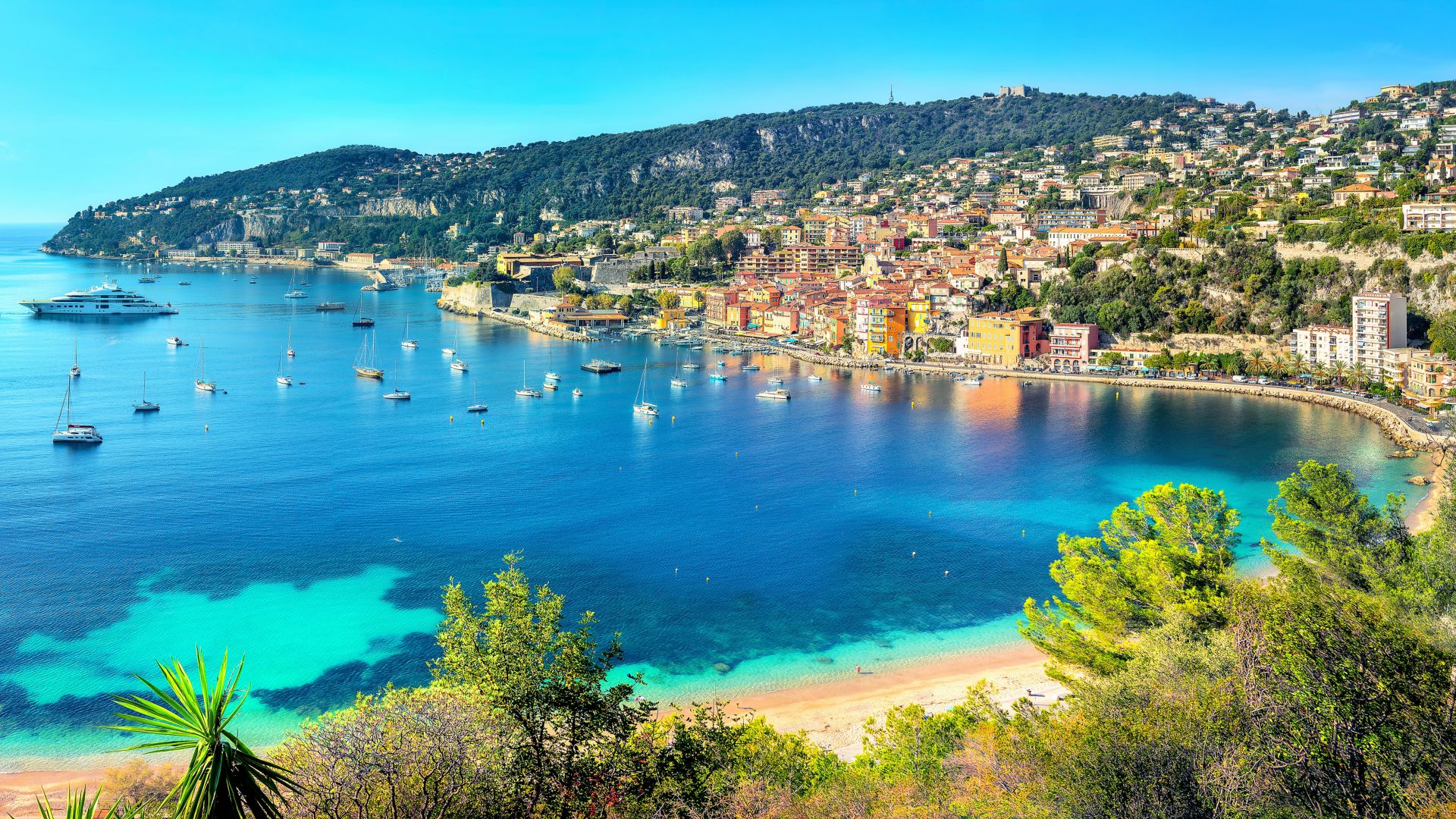 nice: location de jet privé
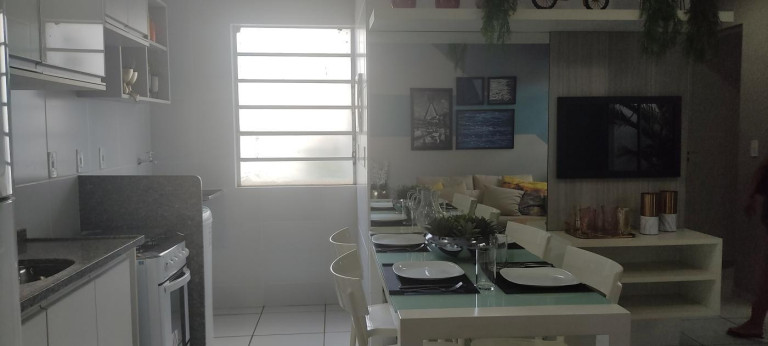 Imagem Apartamento com 2 Quartos à Venda, 59 m² em Vale Quem Tem - Teresina Imagem Apartamento com 2 Quartos à Venda, 59 m² em Vale Quem Tem - Teresina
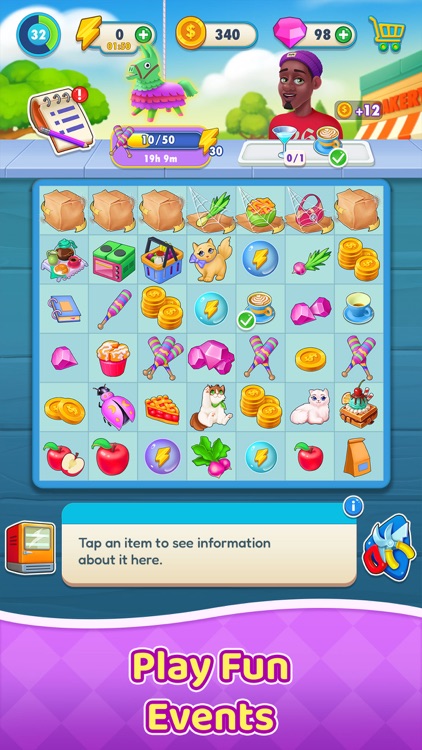 Mystery Inn: Merge Adventure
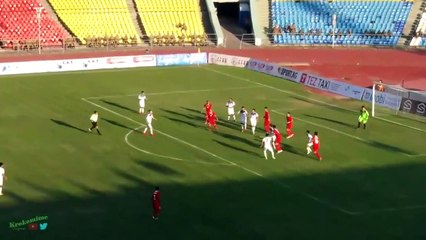 ★ KYRGYZSTAN 1-2 IRAN ★ 2018 AFC U-23 Championship Qualifiers - All Goals ★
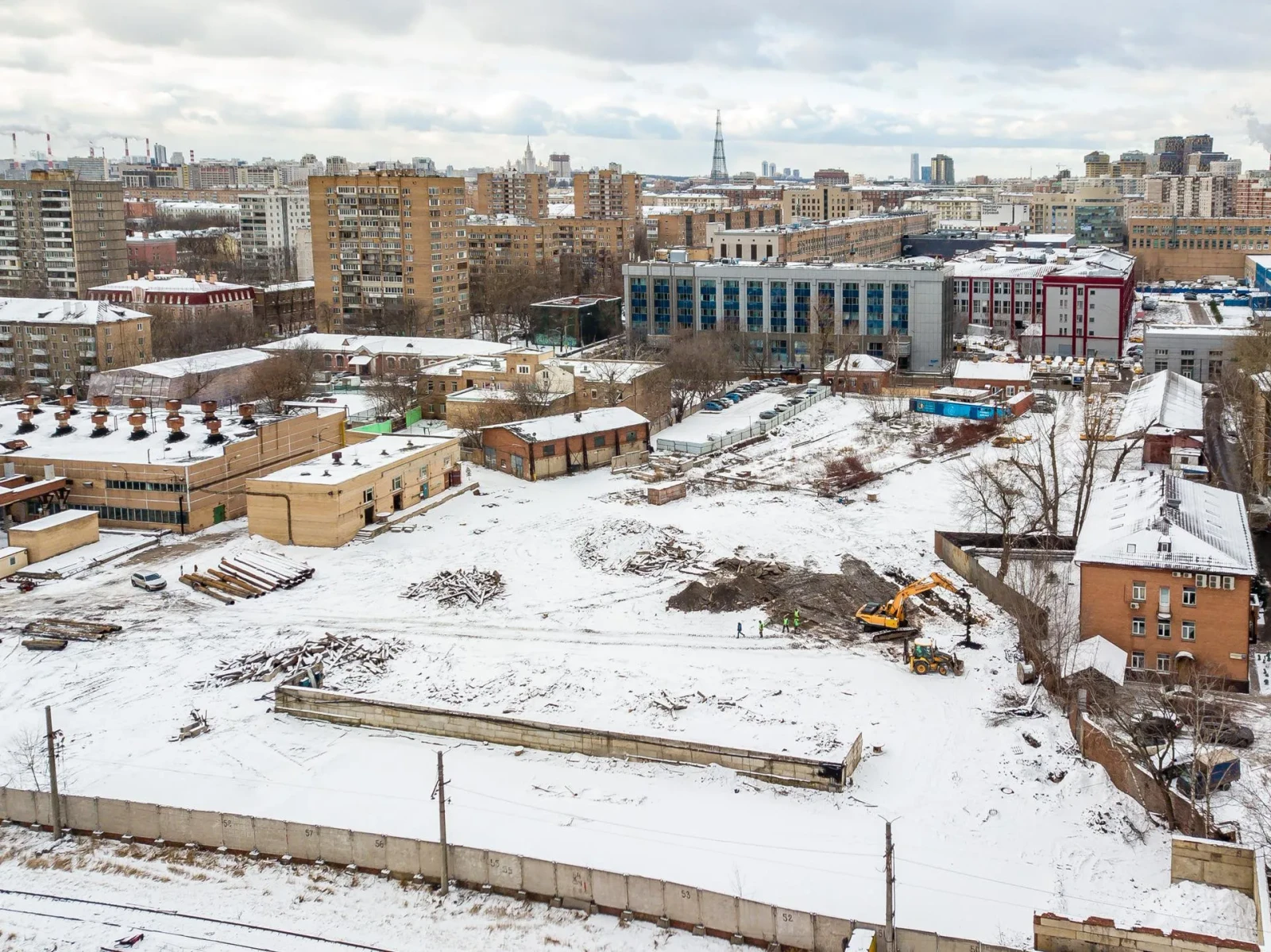Level Павелецкая Сити: официальный фотоотчёт, Январь 2020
----------
• Requirement: Could you reproduce all of the material exactly? Keep the pictures out of it.

• Response for this exercise:
 nice: location de jet privé
 Imagem Apartamento com 2 Quartos à Venda, 59 m² em Vale Quem Tem - Teresina Imagem Apartamento com 2 Quartos à Venda, 59 m² em Vale Quem Tem - Teresina
 Mystery Inn: Merge Adventure
 ★ KYRGYZSTAN 1-2 IRAN ★ 2018 AFC U-23 Championship Qualifiers - All Goals ★
Level Павелецкая Сити: официальный фотоотчёт, Январь 2020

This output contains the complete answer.